(Beginning of Data supplied)

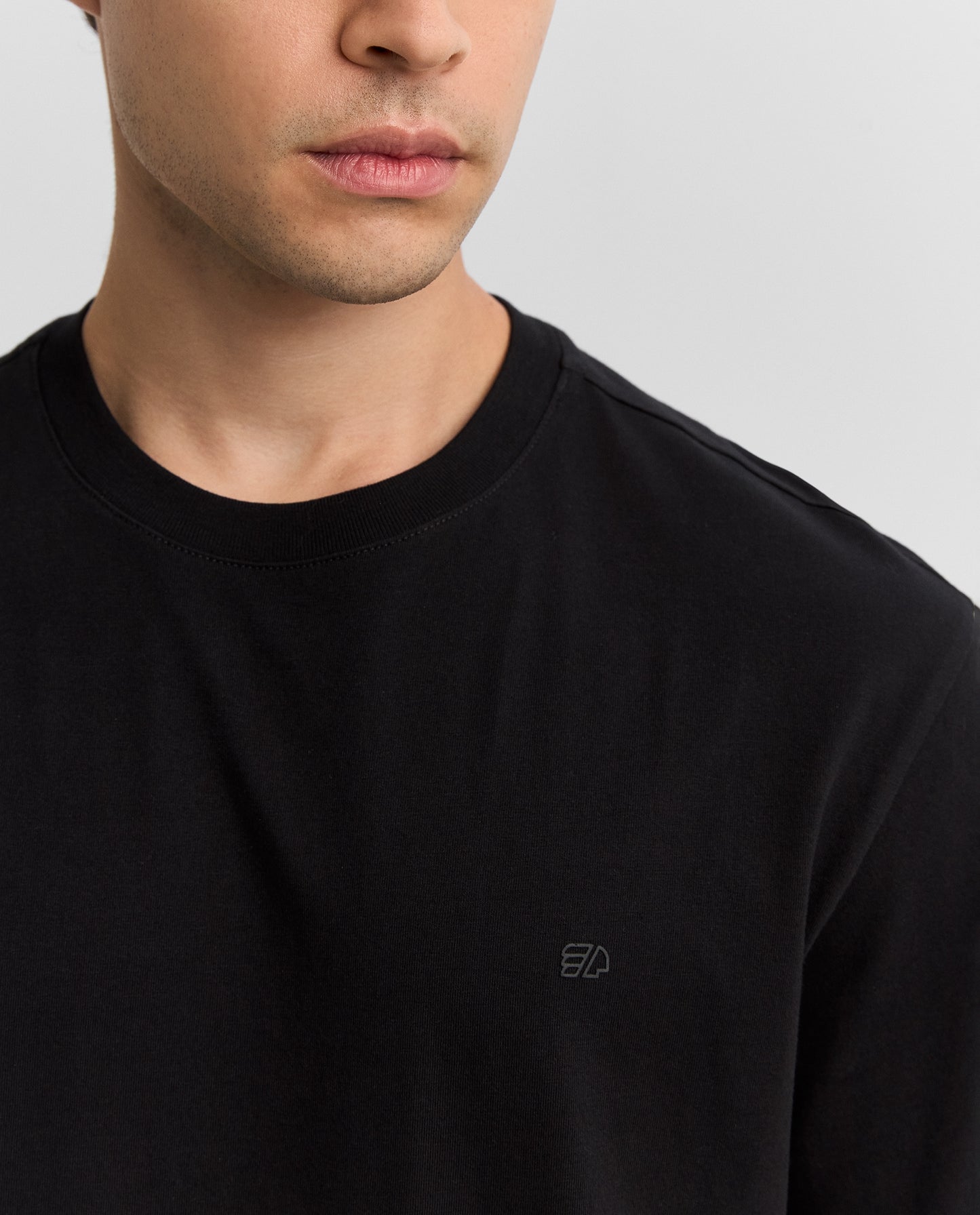 Camiseta Cuello Redondo Americanino 840F001 Slim Fit Negro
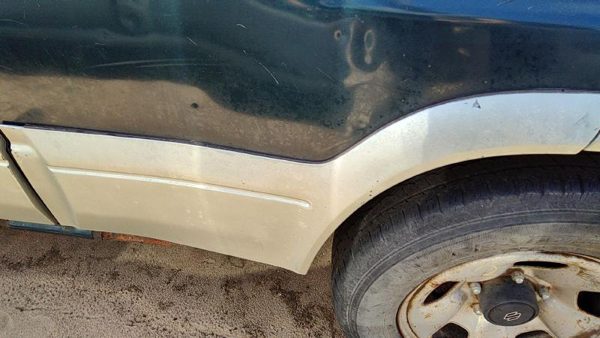 1996 97 Suzuki Sidekick Driver Left Rear Moulding From Door Oem Back Trim Strip — photo 2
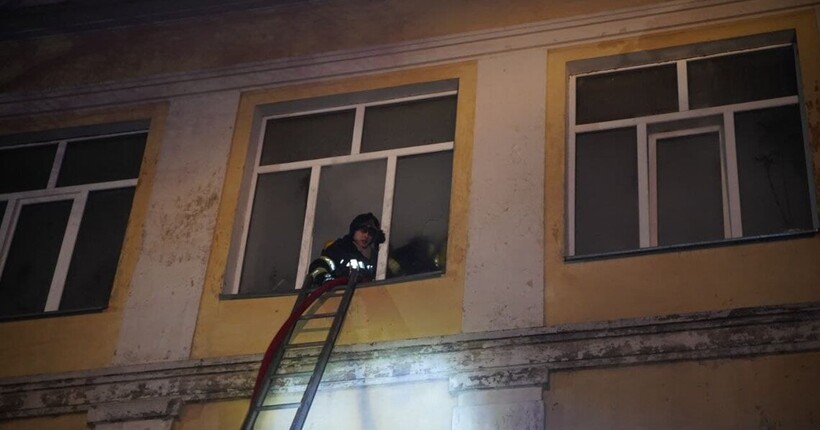 Обстріли Дніпропетровщини: у Синельниківському районі через атаки рф загорілася гімназія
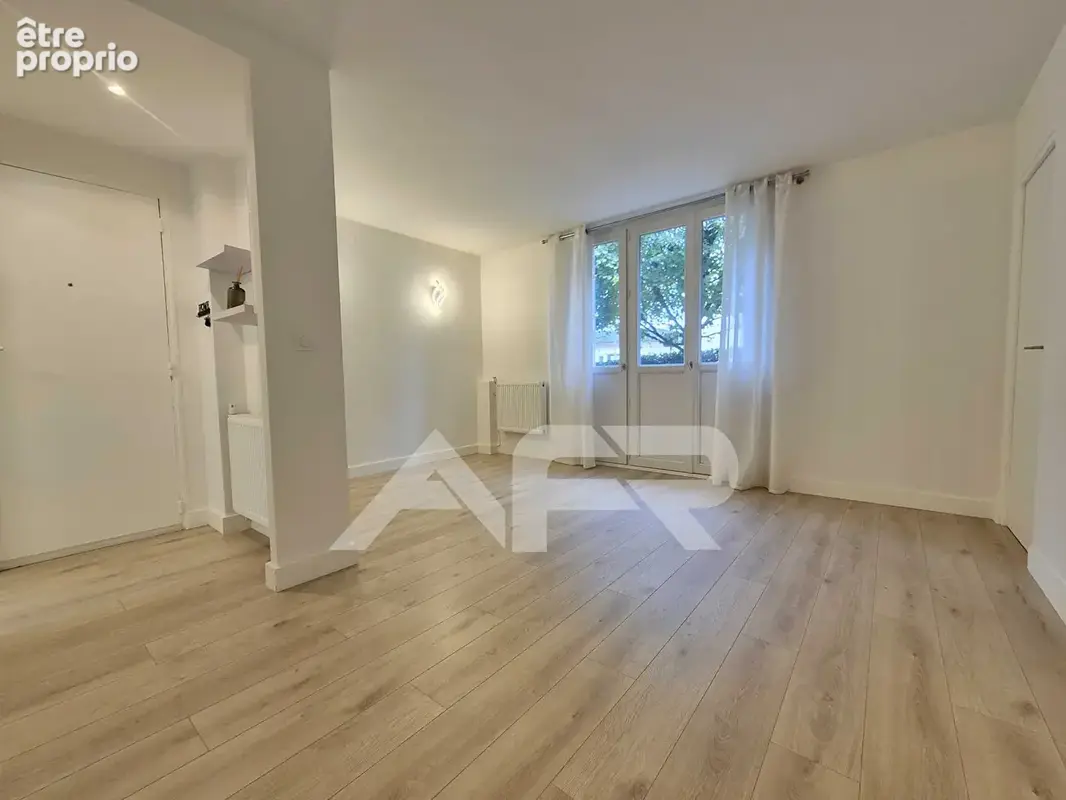 3 pièces 2 chambres a chatou - photo 3
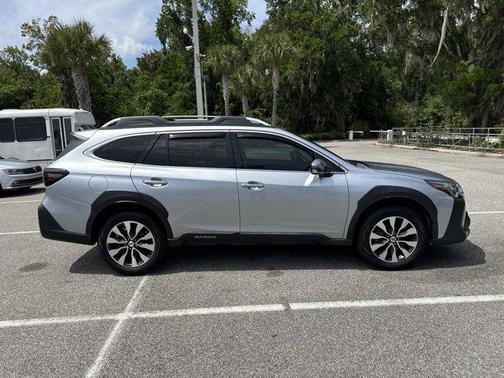 Ice Silver Metallic 2023 Subaru Outback Touring XT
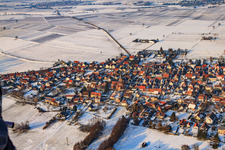 Luftbild von Ortsansicht von Süden im Winter bei Schnee in Rohrbach im Bundesland Rheinland-Pfalz, Deutschland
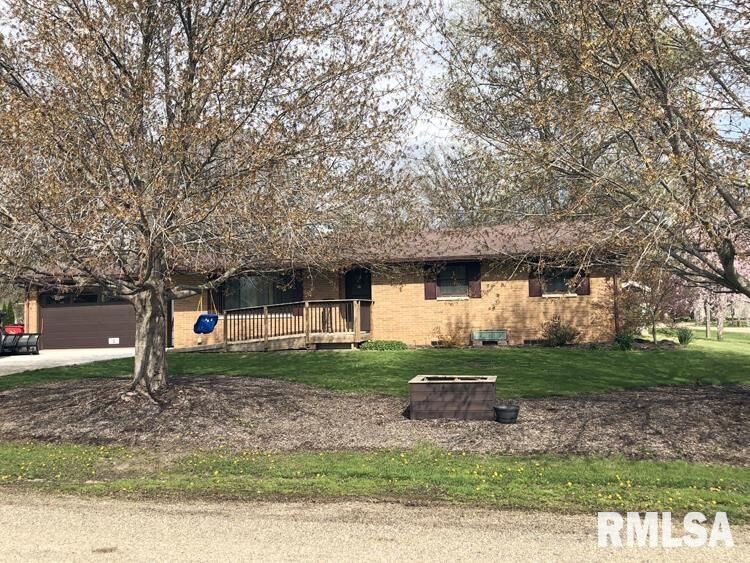 Property Photo:  201 N Palm  IL 61529 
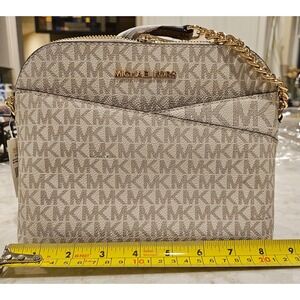 Michael‎ Kors Jet Set Travel Dome Crossbody Bag Vanilla MK Logo Chain Strap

(End of Data supplied)

__Task details__.
Output the entries above verbatim, with no picture included.

__Solution__.
 Camiseta Cuello Redondo Americanino 840F001 Slim Fit Negro
 1996 97 Suzuki Sidekick Driver Left Rear Moulding From Door Oem Back Trim Strip — photo 2
 Обстріли Дніпропетровщини: у Синельниківському районі через атаки рф загорілася гімназія
 3 pièces 2 chambres a chatou - photo 3
 Ice Silver Metallic 2023 Subaru Outback Touring XT
 Luftbild von Ortsansicht von Süden im Winter bei Schnee in Rohrbach im Bundesland Rheinland-Pfalz, Deutschland
 Property Photo:  201 N Palm  IL 61529 
 Michael‎ Kors Jet Set Travel Dome Crossbody Bag Vanilla MK Logo Chain Strap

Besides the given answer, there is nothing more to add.